Various branches of the federal government worked in tandem to time interviews with migrants in order to arrest and sometimes deport them more expeditiously, the American Civil Liberties Union of Massachusetts alleges in a lawsuit.
Emails made public Monday as part of the lawsuit that the ACLU filed against Department of Homeland Security chief Kirstjen Nielsen show that U.S. Citizenship and Immigration Services communicated with Immigration and Customs Enforcement to schedule interviews with undocumented immigrants seeking legal status in such a way that would prevent the public from finding out about the arrests. The plaintiffs are immigrants who were handed orders of removal but are seeking legal status through their citizen spouses.
“These were coordinated arrests,” Matthew Segal, one of the lawyers for the ACLU, told The Boston Globe. “And the marriage interviews that our clients had to go through were in fact set-ups.”
A spokeswoman for the U.S. attorney’s office in Massachusetts, which is representing the federal government in the lawsuit, declined to comment to the Globe.

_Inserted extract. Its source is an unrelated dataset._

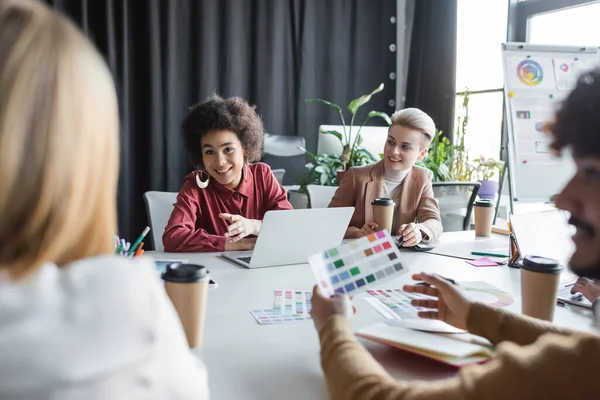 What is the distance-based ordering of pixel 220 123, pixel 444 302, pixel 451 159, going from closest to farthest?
pixel 444 302 → pixel 220 123 → pixel 451 159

ICE also declined comment and USCIS had yet to respond to a HuffPost request for comment.
One of the emails shows ICE officer Andrew Graham writing to a USCIS staffer last October about conducting the interviews and subsequent arrests en masse.

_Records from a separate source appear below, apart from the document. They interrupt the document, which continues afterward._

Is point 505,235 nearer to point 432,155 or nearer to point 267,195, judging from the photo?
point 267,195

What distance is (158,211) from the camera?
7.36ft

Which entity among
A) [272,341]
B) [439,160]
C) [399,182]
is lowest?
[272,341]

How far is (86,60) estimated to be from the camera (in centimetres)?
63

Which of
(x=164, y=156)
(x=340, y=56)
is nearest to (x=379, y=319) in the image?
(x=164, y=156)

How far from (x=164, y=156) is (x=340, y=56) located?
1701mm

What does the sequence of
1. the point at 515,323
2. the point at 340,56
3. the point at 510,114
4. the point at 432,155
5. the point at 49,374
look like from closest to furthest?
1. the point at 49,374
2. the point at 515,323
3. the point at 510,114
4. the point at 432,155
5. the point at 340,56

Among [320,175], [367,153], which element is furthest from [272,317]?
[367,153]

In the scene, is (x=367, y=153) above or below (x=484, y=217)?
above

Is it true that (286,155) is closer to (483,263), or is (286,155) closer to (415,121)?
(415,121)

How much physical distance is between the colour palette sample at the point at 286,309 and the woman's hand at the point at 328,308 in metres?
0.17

“As far as scheduling goes, I would prefer not to do them all at one time as it is [not] only a strain on our ability to transport and process several arrests at once, but it also has the potential to be a trigger for negative media interests, as we have seen in the past,” he wrote.
Information uncovered by documents and depositions shows USCIS actively coordinated with ICE to schedule and facilitate arrests at USCIS offices.

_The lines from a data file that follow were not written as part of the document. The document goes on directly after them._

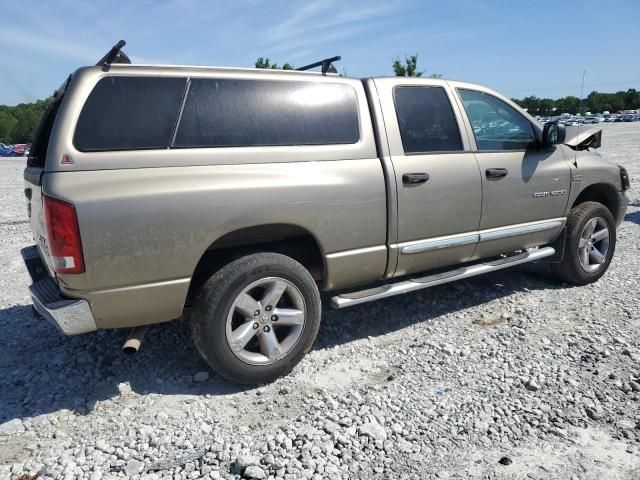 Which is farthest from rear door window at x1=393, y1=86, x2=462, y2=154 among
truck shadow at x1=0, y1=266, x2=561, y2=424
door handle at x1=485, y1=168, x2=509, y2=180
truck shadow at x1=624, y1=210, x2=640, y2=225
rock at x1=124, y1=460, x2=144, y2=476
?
truck shadow at x1=624, y1=210, x2=640, y2=225

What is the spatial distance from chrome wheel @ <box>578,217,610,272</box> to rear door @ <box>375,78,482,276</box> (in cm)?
152

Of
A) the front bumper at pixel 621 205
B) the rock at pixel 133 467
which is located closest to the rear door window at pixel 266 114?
the rock at pixel 133 467

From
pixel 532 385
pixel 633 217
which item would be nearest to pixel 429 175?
pixel 532 385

Learn more about the case and read the latest filing: https://t.co/WIHui6TbgN#FamiliesBelongTogether pic.twitter.com/aXPMEYWQfu
— ACLU Massachusetts (@ACLU_Mass) August 13, 2018
ICE argued in the emails that it reserves the right to arrest those with final removal orders, immigration lawyers told the Globe. So far this year, 17 such people have been detained across New England, ICE said.
“CIS completes the interview while our officers are en route,” Graham wrote. “In my opinion, it makes sense for us to arrest aliens with final removal orders as they represent the end of the line in the removal process. They are typically the easiest to remove . . . and at the end of the day we are in the removal business and it’s our job to locate and arrest them.”
Both agencies are under fire for playing a part in the Trump administration’s zero-tolerance policy, which namely has included the mass separation of children from their parents at the border. The ACLU has filed several lawsuits against the administration for a variety of offenses, including withholding the phone numbers of parents waiting to be reunited with their children from lawyers and denying asylum to victims of gang or domestic violence.